Competing HDTVs don't often cost less than those from Vizio. Among 42-inch models, the Westinghouse TX-42F430S and the AOC Envision L42H761 are indeed cheaper than Vizio's entry, but the Vizio VO42L still provides the more well-rounded package.
Our judges thought the VO42L offered a natural-looking picture, and they gave it an image-quality mark just a hair below the LG 42LG60's winning score. But when you compare Vizio's $1100 estimated street price with LG's $2600 price tag (as of July 11, 2008), the slight quality difference hardly seems to matter.
Not that the image was perfect (we're a picky bunch). Some images looked fuzzy to our panelists. In one test clip, artifacts and pixelation appeared around the moving cars. I noted that flesh tones in a David Letterman clip looked a bit too saturated.
Good video deserves good audio, and Vizio provides it--within the limitations of any HDTV's built-in speakers. The sound was quite muddy at full volume, but full volume is way beyond the needs of even the most devoted heavy-metal fan. At a more reasonable 50 percent volume, the audio was still a bit muddy, but it was better than the sound of most TVs.
The VO42L disappoints in ease of use and extra features; but compared with past Vizio sets, it shows improvement in both respects. For instance, the company has finally placed a few easy-access inputs on the side of the TV. But those connectors are recessed, making them harder to reach than other TVs' easy-access inputs. And the rest of the inputs still face down, making for especially hard access.
The remote control looks as if Vizio were going for the Apple Computer Minimalist Design Award. It's smallish, with few buttons and a strange, pits-in-a-grid surface. But its attempt at coolness doesn't make it easy or intuitive to use.
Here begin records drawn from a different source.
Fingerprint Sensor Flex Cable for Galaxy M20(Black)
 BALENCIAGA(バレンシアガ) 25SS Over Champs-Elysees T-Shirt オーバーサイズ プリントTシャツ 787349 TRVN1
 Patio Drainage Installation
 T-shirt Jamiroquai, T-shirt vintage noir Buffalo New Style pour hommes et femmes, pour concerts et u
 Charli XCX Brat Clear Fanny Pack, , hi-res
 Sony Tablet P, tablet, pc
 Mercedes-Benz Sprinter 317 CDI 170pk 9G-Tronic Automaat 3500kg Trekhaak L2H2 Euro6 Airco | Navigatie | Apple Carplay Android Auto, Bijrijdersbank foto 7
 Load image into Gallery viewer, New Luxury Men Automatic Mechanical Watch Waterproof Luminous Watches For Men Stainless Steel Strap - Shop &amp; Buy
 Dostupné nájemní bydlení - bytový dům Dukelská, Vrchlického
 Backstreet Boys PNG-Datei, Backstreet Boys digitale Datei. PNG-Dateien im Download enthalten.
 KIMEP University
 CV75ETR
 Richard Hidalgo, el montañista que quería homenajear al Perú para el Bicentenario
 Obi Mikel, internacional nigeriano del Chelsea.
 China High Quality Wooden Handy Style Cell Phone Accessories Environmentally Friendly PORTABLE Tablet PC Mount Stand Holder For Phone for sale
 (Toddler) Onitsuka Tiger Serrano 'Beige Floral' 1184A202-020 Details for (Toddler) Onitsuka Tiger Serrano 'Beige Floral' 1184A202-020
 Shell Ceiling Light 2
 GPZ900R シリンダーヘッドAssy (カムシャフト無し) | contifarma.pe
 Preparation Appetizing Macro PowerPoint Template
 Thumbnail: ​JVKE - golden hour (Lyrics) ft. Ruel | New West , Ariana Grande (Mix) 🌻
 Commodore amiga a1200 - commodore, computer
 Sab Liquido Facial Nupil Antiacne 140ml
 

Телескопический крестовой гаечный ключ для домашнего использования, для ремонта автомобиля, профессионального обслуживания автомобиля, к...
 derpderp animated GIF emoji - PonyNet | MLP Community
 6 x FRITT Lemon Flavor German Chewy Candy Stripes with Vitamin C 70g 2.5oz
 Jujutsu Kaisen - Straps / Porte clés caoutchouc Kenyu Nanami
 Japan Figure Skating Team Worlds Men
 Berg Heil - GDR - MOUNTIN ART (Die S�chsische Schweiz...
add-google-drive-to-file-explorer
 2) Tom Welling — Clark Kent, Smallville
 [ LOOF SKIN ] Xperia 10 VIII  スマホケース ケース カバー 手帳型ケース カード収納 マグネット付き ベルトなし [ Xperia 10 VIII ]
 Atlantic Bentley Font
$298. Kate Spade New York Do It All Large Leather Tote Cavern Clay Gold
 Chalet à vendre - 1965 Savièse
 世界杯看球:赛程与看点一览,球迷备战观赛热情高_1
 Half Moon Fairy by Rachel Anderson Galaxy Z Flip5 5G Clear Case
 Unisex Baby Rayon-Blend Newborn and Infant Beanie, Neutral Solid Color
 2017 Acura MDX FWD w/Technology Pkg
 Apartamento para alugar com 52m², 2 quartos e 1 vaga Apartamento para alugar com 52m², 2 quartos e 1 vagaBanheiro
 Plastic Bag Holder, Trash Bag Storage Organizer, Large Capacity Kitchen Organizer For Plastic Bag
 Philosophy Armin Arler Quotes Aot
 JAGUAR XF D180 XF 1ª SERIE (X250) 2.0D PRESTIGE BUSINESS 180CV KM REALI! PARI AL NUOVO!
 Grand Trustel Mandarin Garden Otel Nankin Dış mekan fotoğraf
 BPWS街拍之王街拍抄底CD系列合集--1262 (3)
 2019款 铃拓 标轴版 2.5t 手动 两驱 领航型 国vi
For instance, it has no Menu button; you access the menu by pressing the Enter button, which is labeled neither Enter nor Menu. It also lacks an Aspect Ratio or Picture Size button--to zoom in on a 4:3 program, you must go deep into the menus.
You can't expect perfection at this price, however. In a television, what you see is what you get, and the Vizio VO42L shows you plenty without demanding that you max out your credit card.